(Warning: today’s post is a bit of a rant…)
Sometimes in life, it can be helpful to turn to the classic Disney film, Bambi, to learn from the mistakes of one of its main characters: Thumper. Let me explain…
I was talking to a bunch of pregnant folks at an Infant CPR class and we exchanged stories about all of the horrible things people have said to us while we’re pregnant. A common question thrown at many of us: “Are you having twins?”
Seriously?! Don’t ever, ever ask a pregnant person how many babies they’re having – you will always be wrong. There are some of us, and by that I mean me, who carry our babies way out in front because we have very little space between where our ribs end and our hips begin. There’s just no place for the baby to hide. It’s going to look like we have an entire litter of babies inside of us. We know. You don’t need to remind us.

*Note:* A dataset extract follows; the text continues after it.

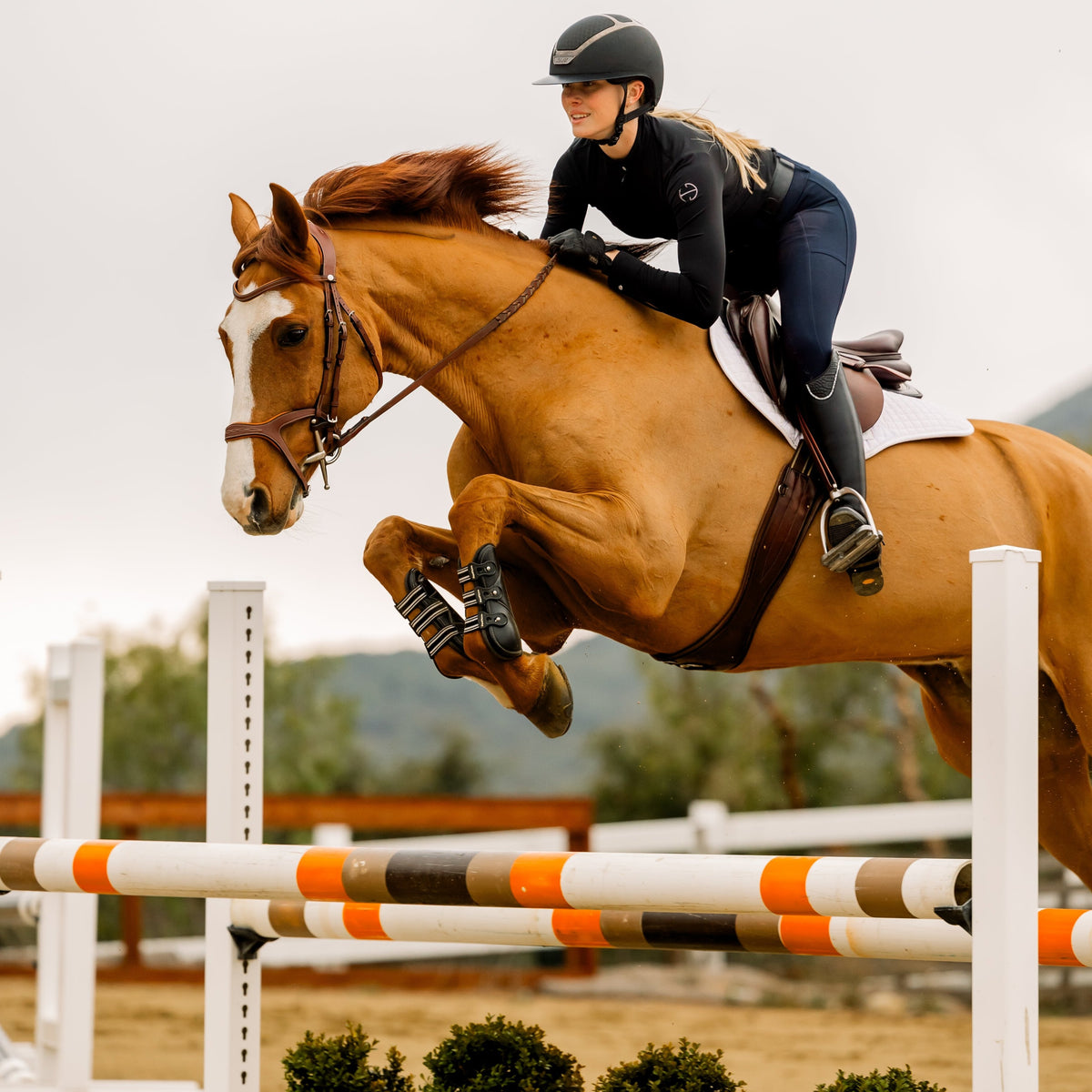 Halter Ego - Nadia - Long Sleeve Riding Shirt
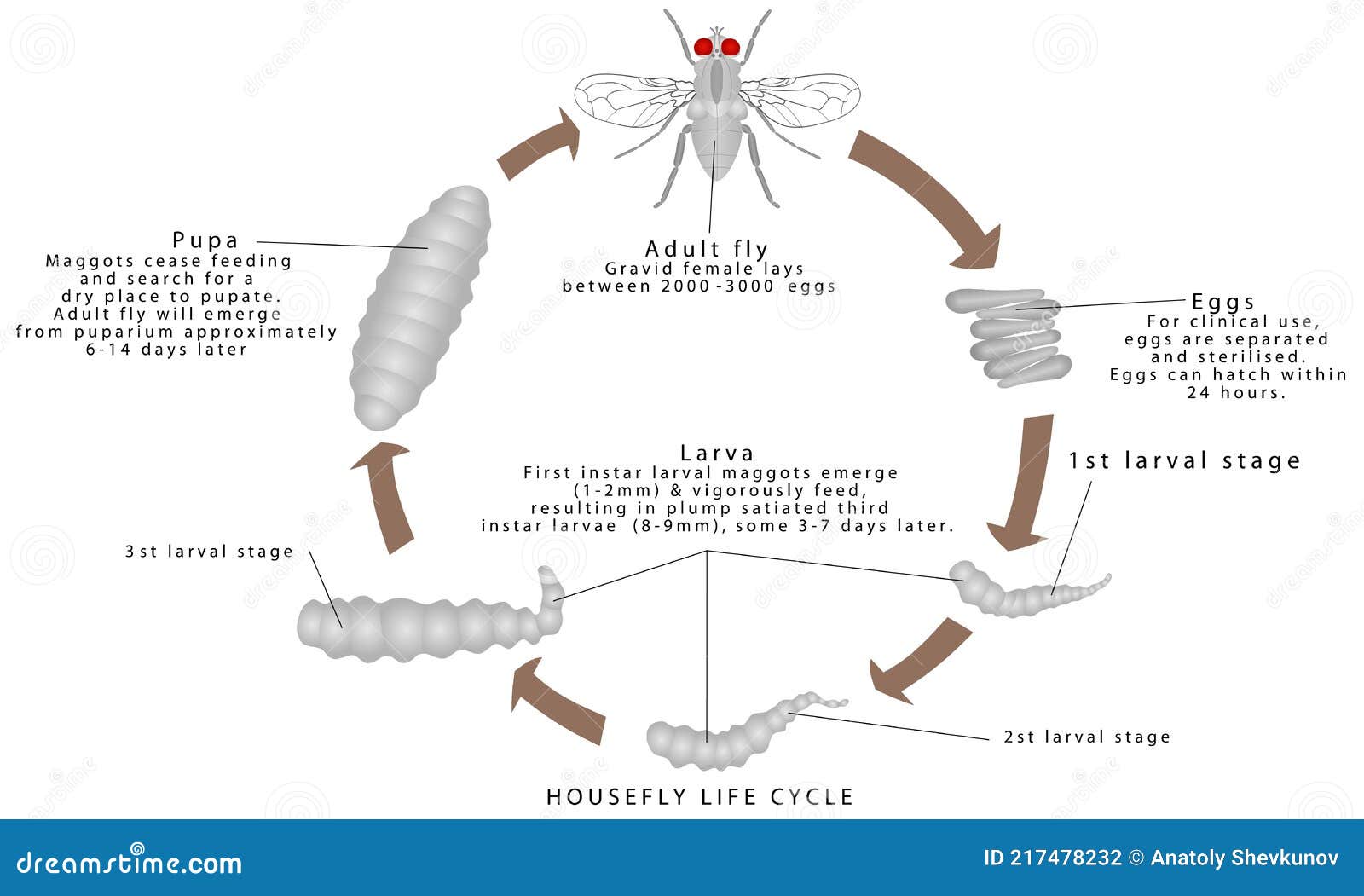 life cycle of a housefly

But the opposite question thrown at pregnant people who carry “small” is no better! People act shocked by how far along they might be in their pregnancy and ask: “Are you sure your baby’s healthy?”
What are you doing? And why?! These people tend to have nice, long torsos with plenty of room for their little peanuts to tuck in and hang out. And they’re entirely healthy, I might add.

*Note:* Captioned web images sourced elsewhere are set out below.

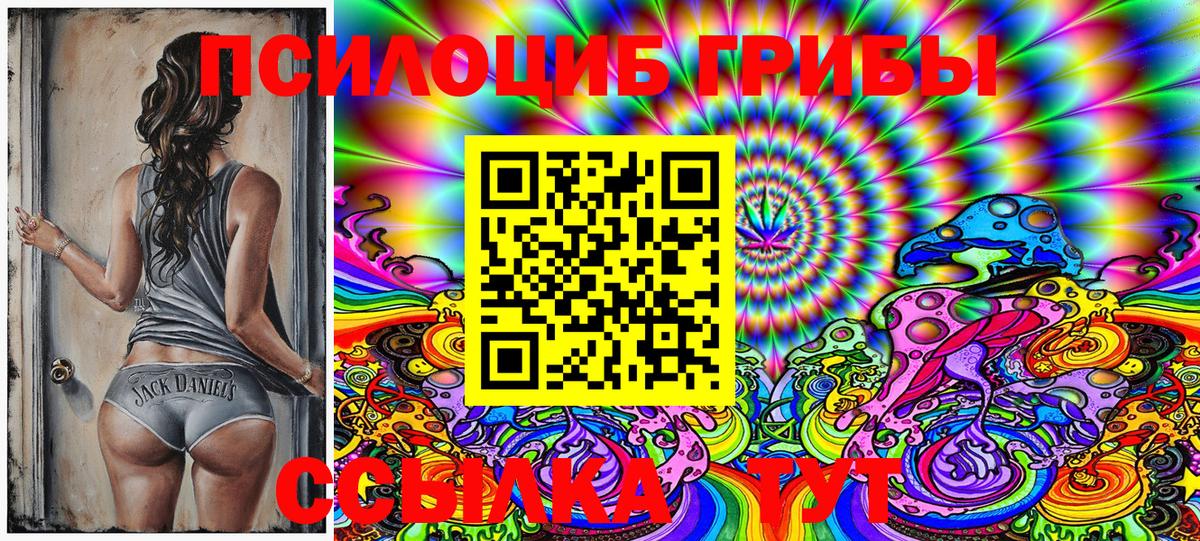 Дмитров  Галлюциногенные грибы Magic Shrooms  Вход с VPN 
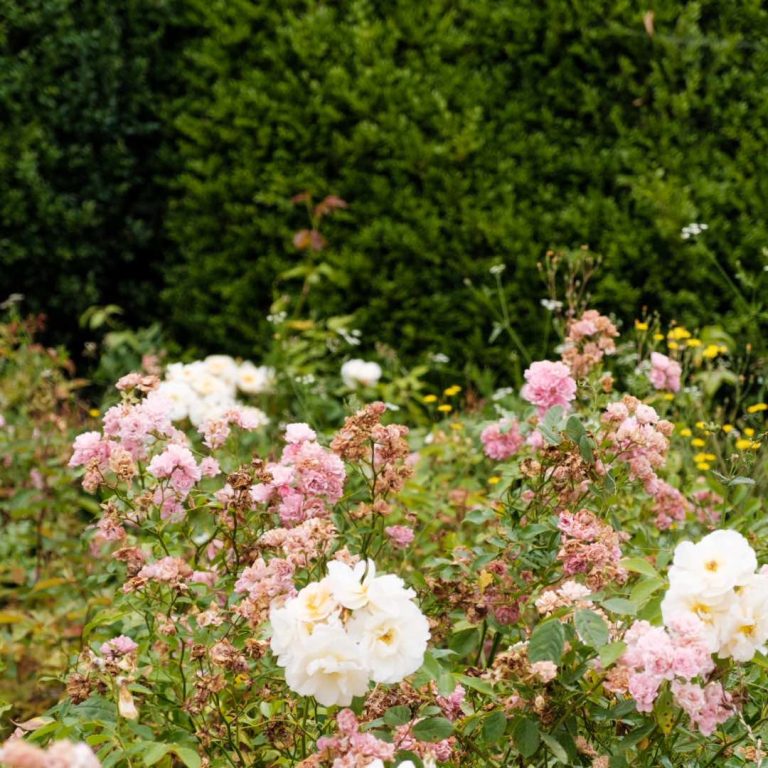 hotel-le-domaine-de-primard-fontenille-fleurs-jardins-parc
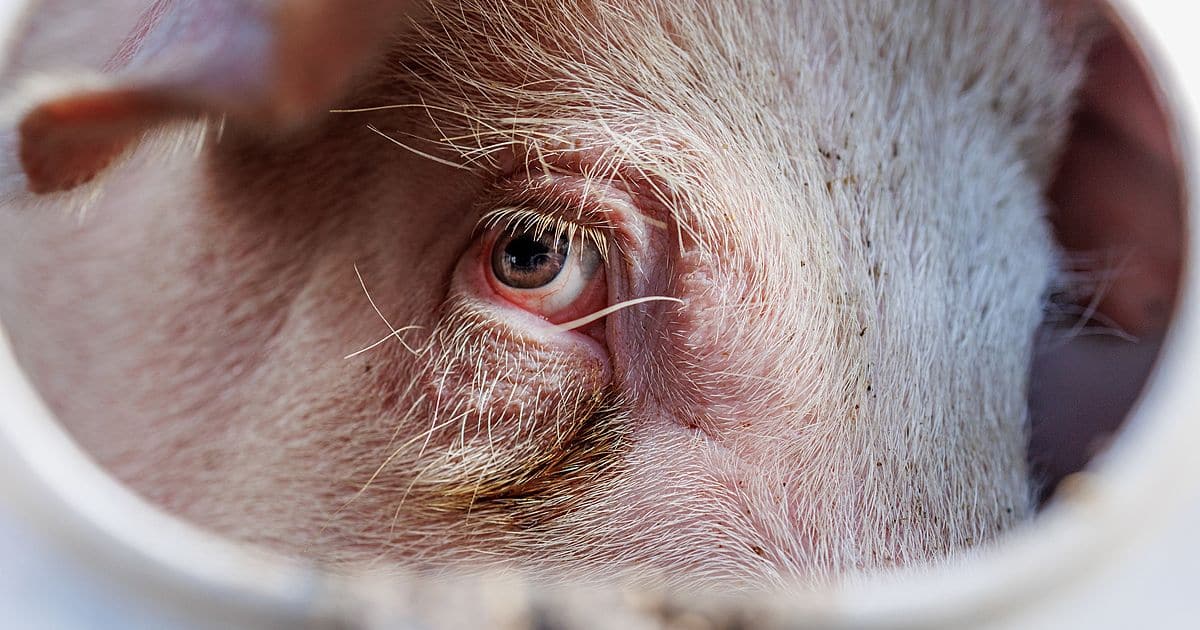 image of pig in transport, Smithfield Foods is owned by China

But by all means, don’t ever make the mistake of asking someone if they’re pregnant in the first place. This is a huge no-no. If you think there might be a bump, you need to pretend to be a secret agent in a special Black Ops Unit and stealthily ask those within their “Inner Circle” what’s up – but never, ever ask the person directly.
There’s an episode from the TV show, “Malcolm In The Middle” that illustrates why you should avoid this at all costs. The Dad gets a new job and is walking around meeting all of his other office mates. He gets introduced to his boss, a woman who’s a little rounder in the middle, and then he does the unthinkable – he actually PATS her belly and asks, “And what do we have here?” To which she responds in an equally sing-song tone, “My big, fat belly!”
You don’t ever want to be that guy.
Which makes me break for the tangential but equally annoying rant: Why would having a baby in utero mean that I want complete strangers to touch, pat or rub my belly?
The group of us compared even more stories on this topic. Some involved the super cute and proud great grandma showing off the brand new baby bump to all the guests at a wedding! But there are some of us, and by that I mean me, who’ve felt almost assaulted when drunk people repeatedly tried to rub my very obvious belly at a music concert when I was pregnant with my first.
I decided to teach people a lesson about this years later. We were heading out to a Halloween party with the whole family. I’ve already shared that I carry “big” and this was my 4th baby, so I looked very pregnant at the time even though I was only four months along. I thought it would be “cute” to paint a jack-o-lantern on my protruding belly as it was already the size and shape of a small pumpkin!
But what I didn’t let anyone else know, is that I’d cut a hole in my white shirt and painted the orange and black jack-o-lantern directly onto my belly. I lost count of the number of people who felt the need to reach out and pat my belly at this party – but I got the last laugh as I watched them pull back their hands in horror at having felt my bare skin! (I have no idea if this had any lasting effect on them touching other pregnant people’s bellies in the future, but I’d like to think I did my part to make them think twice!)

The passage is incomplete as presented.